Florecimiento de las bellas artes y de las ciencias.-Exaltación de los sentimientos patrióticos.-Guerra con el Ancori.-Muerte repentina de Mujanda e interesante sacrificio humano en la gruta de Bau-Mau.

     Con ser tan considerable el progreso material de los mayas, no admitía comparación con el espiritual. Entregado el país, con su rey a la cabeza, a la alcoholización gradual y sistemática, sobrevino una especie de recalentamiento de aquellas vigorosas naturalezas; y, según mis previsiones, comenzó a echar chispas y a lanzar vivos destellos el espíritu nacional, hasta entonces esclavizado bajo el rudo imperio de las funciones animales; y como la vida social nocturna en cafés y tabernas facilitaba el cruce de las ideas, el despertar de las pasiones, el desgaste de los brutales sentimientos primitivos y el afinamiento de la palabra y de la gesticulación, las artes no tardaron en adquirir gran vuelo. De mí partían siempre las iniciativas, pero los mayas se apresuraban a recibirlas y a hacerlas fructificar.

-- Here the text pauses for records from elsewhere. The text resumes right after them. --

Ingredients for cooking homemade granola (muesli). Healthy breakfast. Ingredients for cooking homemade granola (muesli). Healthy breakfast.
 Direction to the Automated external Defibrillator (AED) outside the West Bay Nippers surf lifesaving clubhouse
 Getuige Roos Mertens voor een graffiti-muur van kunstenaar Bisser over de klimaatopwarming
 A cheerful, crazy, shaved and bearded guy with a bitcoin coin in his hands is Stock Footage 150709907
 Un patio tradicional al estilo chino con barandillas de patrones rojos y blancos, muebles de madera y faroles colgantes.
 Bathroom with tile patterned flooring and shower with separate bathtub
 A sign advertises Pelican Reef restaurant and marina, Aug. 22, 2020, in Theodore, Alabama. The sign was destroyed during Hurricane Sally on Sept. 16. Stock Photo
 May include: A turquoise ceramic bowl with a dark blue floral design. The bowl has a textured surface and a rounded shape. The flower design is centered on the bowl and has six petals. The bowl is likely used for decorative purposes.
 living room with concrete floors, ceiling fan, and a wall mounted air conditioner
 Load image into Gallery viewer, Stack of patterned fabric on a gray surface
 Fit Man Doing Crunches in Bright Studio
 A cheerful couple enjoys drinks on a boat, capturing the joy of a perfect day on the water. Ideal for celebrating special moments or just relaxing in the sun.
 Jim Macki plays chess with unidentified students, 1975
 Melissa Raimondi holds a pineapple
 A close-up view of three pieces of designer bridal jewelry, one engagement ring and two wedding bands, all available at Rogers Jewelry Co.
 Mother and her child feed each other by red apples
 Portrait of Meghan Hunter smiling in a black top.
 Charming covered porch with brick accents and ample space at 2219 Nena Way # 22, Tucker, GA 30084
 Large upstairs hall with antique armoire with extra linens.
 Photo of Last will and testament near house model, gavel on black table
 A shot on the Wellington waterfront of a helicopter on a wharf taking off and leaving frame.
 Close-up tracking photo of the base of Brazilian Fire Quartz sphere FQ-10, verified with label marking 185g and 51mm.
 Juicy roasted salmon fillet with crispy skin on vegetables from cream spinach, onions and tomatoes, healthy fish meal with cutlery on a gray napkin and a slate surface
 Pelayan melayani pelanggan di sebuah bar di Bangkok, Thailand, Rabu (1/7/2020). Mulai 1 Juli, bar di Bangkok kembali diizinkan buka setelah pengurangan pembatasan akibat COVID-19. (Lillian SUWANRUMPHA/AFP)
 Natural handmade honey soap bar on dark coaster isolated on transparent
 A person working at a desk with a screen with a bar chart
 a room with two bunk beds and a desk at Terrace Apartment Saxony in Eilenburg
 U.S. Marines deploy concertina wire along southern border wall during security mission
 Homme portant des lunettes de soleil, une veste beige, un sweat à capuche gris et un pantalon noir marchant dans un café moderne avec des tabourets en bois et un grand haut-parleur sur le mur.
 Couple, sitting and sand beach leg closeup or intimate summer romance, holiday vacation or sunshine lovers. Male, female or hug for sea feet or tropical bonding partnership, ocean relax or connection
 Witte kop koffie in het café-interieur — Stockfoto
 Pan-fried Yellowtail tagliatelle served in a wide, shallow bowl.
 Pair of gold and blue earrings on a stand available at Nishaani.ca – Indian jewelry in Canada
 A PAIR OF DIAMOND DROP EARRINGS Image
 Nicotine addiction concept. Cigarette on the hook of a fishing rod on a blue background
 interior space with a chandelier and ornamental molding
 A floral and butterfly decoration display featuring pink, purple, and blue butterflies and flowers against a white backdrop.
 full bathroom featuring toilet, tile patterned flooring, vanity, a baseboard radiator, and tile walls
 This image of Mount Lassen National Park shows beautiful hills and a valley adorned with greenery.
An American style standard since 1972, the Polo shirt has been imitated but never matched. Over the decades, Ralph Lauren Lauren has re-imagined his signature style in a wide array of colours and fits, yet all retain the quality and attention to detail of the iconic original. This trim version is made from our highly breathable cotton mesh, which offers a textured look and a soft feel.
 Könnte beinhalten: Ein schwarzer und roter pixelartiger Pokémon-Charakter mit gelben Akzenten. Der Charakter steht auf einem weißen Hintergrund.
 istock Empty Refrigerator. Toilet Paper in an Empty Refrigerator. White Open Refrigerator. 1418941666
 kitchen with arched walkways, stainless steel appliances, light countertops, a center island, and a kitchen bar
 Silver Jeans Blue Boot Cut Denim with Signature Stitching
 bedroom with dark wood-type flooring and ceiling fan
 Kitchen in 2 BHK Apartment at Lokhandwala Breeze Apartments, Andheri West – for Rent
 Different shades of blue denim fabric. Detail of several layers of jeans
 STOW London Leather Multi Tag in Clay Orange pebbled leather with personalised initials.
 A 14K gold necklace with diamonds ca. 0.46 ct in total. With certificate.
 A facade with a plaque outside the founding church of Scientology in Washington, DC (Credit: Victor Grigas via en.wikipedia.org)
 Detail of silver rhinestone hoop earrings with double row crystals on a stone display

     En el orden de evolución de las artes, correspondió la prioridad a la escultura, no sé si porque el hombre primitivo encuentra más facilidad para cultivar este arte, en el que la cantidad de materia empleada es mayor, o si a consecuencia de una feliz invención mía encaminada a despertar en los mayas el deseo de amar y glorificar a sus héroes, cual fue la erección, frente al antiguo palacio de los uagangas, convertido después en lavadero nacional, de una estatua del gran rey Usana. Para construirla coloqué sobre cuatro columnas de hierro una montera muy sólida, cubierta de pizarra a fin de que la lluvia no destruyese mi obra, que tenía que ser de barro, porque, dada mi insuficiencia, yo no podía trabajar en otras materias menos dóciles. Después cubrí por los cuatro costados aquel cobertizo, para que los mayas no viesen el monumento hasta que estuviese acabado, y la impresión fuese más profunda.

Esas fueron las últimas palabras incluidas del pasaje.